Ingolstadt
"Schritt für Schritt will ich langsamer werden"

Der Schriftsteller und Fleißer-Preisträger Harald Grill las sehr unterhaltsam im Katharinen-Gymnasium

06.03.2017 | Stand 02.12.2020, 18:32 Uhr

Er begeisterte die Elftklässler genauso wie die Kleinen: der Schriftsteller Harald Grill im Katharinen-Gymnasium. Er hat 2003 den Marieluise-Fleißer-Preis gewonnen - Foto: Hahnemann / Katharinen-Gymnasium

Ingolstadt (DK) Harald Grill stammt aus der Oberpfalz, ein Heimatdichter ist er aber nur in einem ganz speziellen Sinn, jedenfalls immer jenseits jeder romantisch-kitschigen Hochglanzidylle. Jetzt kam der Marieluise-Fleißer-Preisträger des Jahres 2003 auf Einladung der Fachschaft Deutsch nach längerer Zeit einmal wieder ans Katharinen-Gymnasium, um einen wahren Marathon zu bewältigen.

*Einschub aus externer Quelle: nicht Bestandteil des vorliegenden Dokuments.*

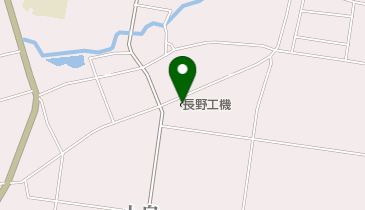 長野工機の地図画像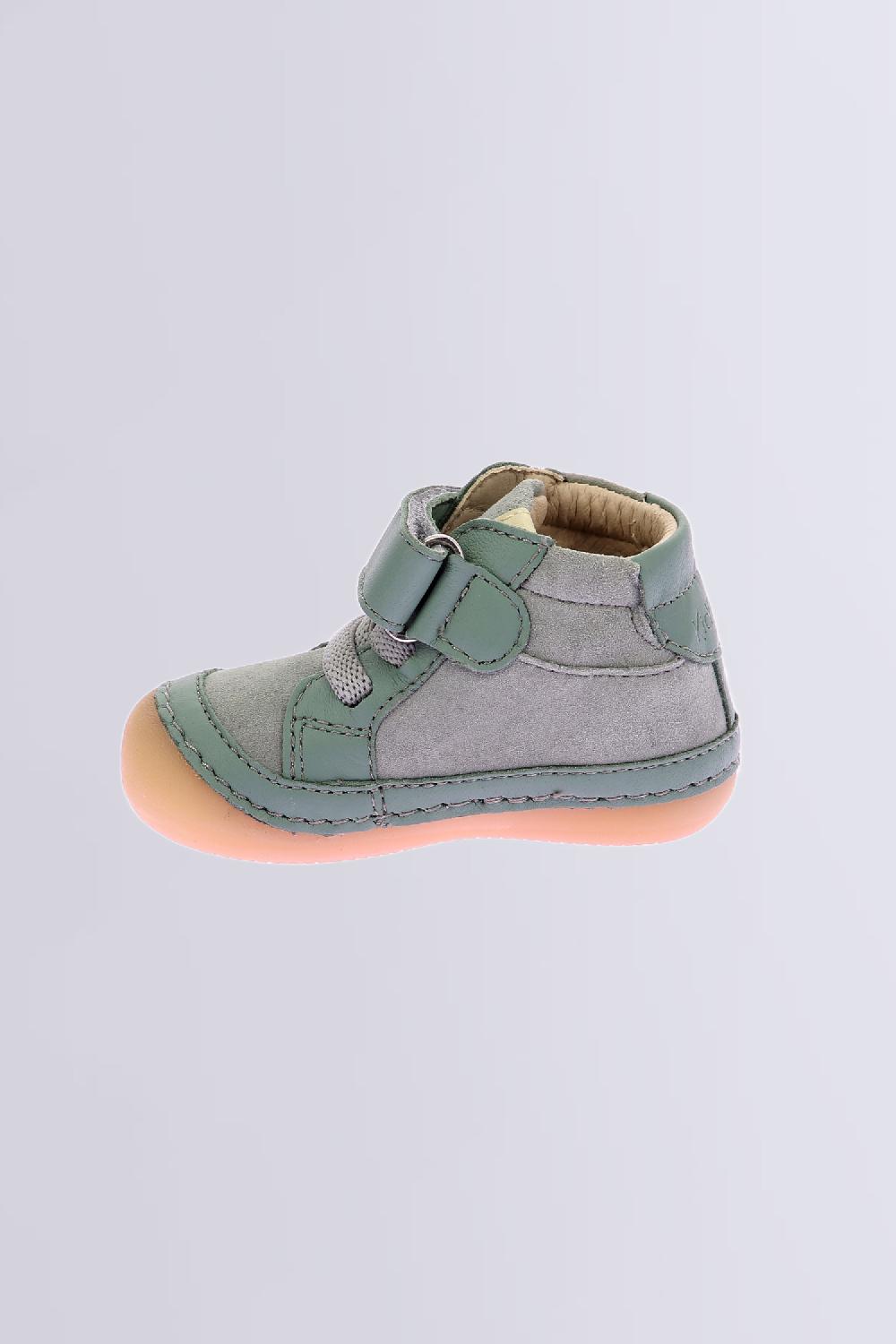 Kickers Sokistic Vert Etoile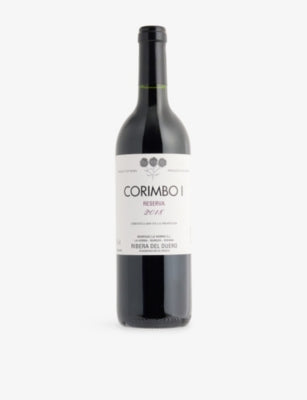 Bodegas La Horra Corimbo red wine 2018 750ml, imported from the UK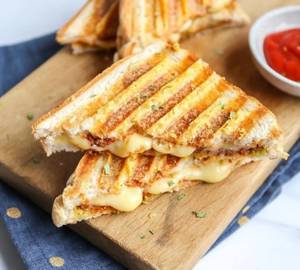 Chicken Cheese Sandwich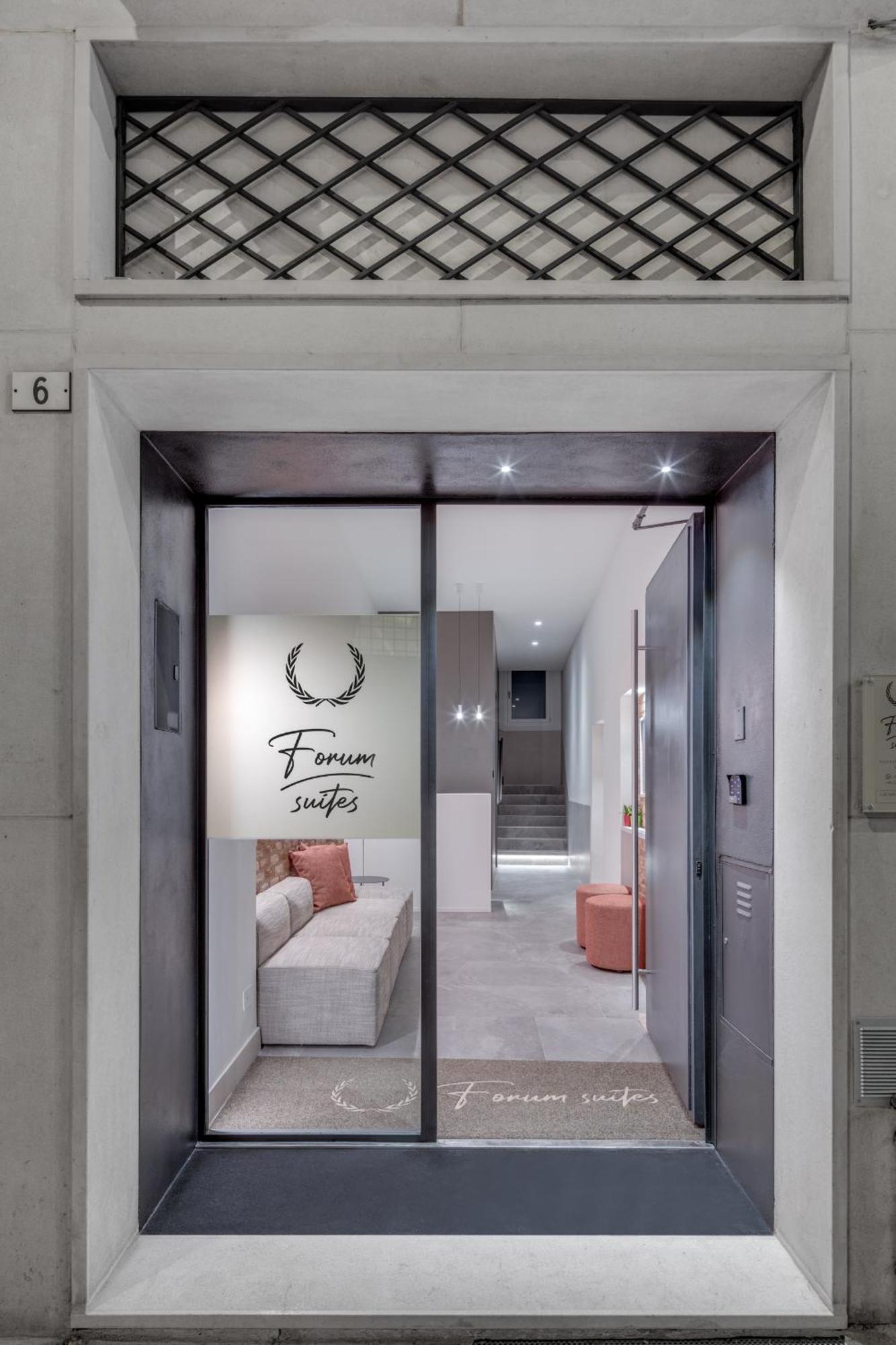 Forum Suites Verona Exterior foto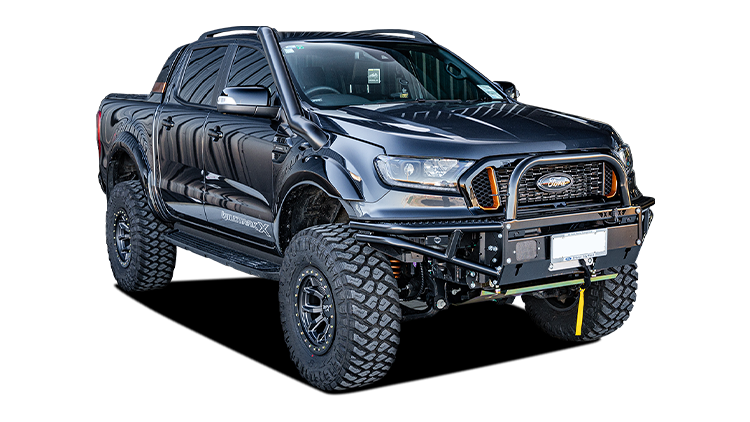 Ranger PX3 (06/2018-2022)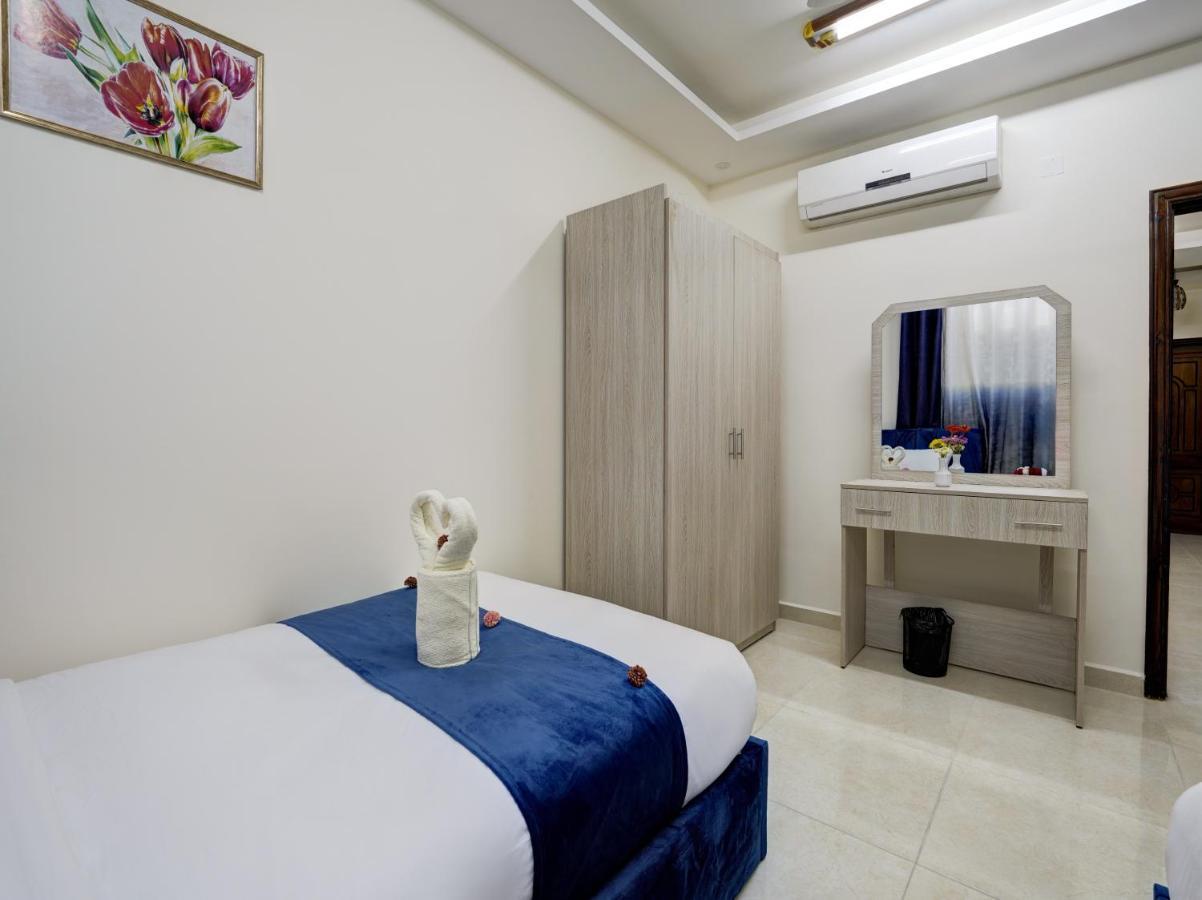 Eng-Murjan Apartment Акаба Экстерьер фото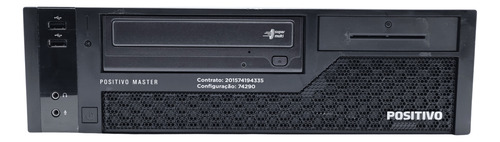 Computador Positivo Master I3-4160 8gb Ddr3 Ssd240gb + Wi-fi (Recondicionado)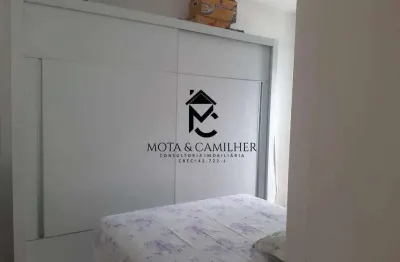 Apartamento com 2 quartos à venda na Rua Monsenhor Juvenal Cauly, Vila Aparecida, Taubaté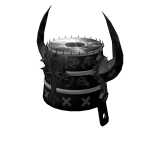 Crucifix Onyx Bucket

Dabei begeisterte er mit seinen Geschichten und Texten sowohl die Schülerinnen und Schüler der Q 11 als auch die anschließend versammelte 5. Jahrgangsstufe.

Zunächst präsentierte Grill vor den Oberstufenschülern sein jüngstes Reiseprojekt, das ihn 2014 "hinter drei Sonnenaufgängen in eine andere Welt" geführt hatte, und zwar nach Rumänien, Bulgarien und in die Ukraine; ein bei uns eher unbekanntes, oft mit Klischees besetztes Stück Europa, das aber gerade in seiner Fremdartigkeit umso faszinierender schillert, besonders wenn es von Grill in seiner verschmitzten Art plastisch, bunt und nahe an den vielen interessanten Menschen, auf die er immer wieder trifft, beschrieben wird. Mit neugierigen Blicken zog der Autor drei Monate lang über den Balkan, nutzte Auto, Bus, Bahn und Schiff, nahm sich dabei viel Zeit für Land und Leute und ließ, wie er selbst sagt, die "Beschleunigung, die Rennerei, die Hetzerei", die zu oft unser aller Alltag prägen, hinter sich. Den Teenagern am Katherl machte er ganz nebenbei so richtig Lust, mal einfach in die Welt hinauszuziehen, mutig Ballast abzulegen und sich einzulassen auf neue Erfahrungen, Landschaften und Menschen.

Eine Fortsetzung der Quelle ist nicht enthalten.